I started writing this as I sit in a transatlantic flight from Paris to Montreal. Those are the last few hours of my vacation of six weeks. It was divided between observing and reflecting on past and future issues with family in Lebanon and an incredible week of catching up with amazing friends, and swimming in the Atlantic in France.
As this airplane brings back home to Canada, it brings me into a considerably different reality than when I left. I left an employee of the government with a quite life and not nearly as interesting as I’d want it to be. Now I go back and I have a full schedule, as of 12 hours later, of journalism classes, CYD retreat and meetings and organising and actions.
I left because I needed a break to relax and think, maybe read and write and get back in shape to a somewhat eventful year compared to the last couple. I succeeded in some of these objectives.
I am happy to recharge my energy so I can take a stab at excelling at my new adventure and enjoying the process while at it. I have to admit however, that even though I tried it has been difficult to consult with myself and assess the situation over the long period. While I am all excited and hopeful to jump into this new adventure, I had a hard time identifying the long term benefits of this move, especially as it relates to my “reimplication” at full-length in the activist community.
While I never fully stepped away, I have not been very involved in the “movement” in the last two of years. This was partially due to my work and conflict of interest, but it was also a personal reaction to the multiple defeats of campaigns that I participated in. While I am certainly more mature and aware of the challenges, I have not taken the time to think it through and define my personal objectives.

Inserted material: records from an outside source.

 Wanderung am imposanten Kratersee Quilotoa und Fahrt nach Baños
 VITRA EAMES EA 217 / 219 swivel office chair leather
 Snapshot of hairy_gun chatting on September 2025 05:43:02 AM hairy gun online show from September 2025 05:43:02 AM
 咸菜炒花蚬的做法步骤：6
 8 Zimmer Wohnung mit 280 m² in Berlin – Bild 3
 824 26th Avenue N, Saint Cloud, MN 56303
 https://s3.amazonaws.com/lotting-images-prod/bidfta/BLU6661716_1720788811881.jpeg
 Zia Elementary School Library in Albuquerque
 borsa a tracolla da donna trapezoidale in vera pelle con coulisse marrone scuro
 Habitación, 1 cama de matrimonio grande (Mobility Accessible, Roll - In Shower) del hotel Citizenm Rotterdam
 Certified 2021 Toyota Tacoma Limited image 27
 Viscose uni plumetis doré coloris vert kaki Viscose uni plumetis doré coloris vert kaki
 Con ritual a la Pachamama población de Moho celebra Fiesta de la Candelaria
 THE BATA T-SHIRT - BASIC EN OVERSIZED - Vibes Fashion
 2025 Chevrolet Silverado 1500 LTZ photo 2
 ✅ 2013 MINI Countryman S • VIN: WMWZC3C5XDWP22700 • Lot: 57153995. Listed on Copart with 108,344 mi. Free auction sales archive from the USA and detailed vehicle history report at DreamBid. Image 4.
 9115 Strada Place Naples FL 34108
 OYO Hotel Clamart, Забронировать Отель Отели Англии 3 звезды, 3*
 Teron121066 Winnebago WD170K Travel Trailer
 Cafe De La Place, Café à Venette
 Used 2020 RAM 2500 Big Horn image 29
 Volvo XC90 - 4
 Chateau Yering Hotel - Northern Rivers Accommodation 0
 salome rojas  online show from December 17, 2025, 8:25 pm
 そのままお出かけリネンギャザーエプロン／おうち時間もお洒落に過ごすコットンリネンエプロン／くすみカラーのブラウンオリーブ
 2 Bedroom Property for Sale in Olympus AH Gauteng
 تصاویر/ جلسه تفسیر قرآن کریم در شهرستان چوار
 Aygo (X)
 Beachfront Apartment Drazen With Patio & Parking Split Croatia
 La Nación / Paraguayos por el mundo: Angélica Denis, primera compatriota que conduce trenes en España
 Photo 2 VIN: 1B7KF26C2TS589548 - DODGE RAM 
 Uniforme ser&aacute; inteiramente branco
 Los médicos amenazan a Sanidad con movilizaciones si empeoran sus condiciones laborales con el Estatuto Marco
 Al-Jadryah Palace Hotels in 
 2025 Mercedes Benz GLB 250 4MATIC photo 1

I know my convictions, and now I know better than to base success on immediate results. I am also very cautious to make the difference between the “movement” and my minuscule role in it, and I hope that this means I am more “equipped” to deal with the defeats and not get lost in the momentum of a success. Perhaps, for now this is the most I can control.
Things can go in multiple different ways that it is difficult to have a clear idea of what to expect from the future. May be I fear the unknown and I certainly fear the defeats despite expecting them. However, I realise that I chose a more difficult road and I am confident that it is the right choice, as I have not yet given my best to the cause and it is never too soon for that!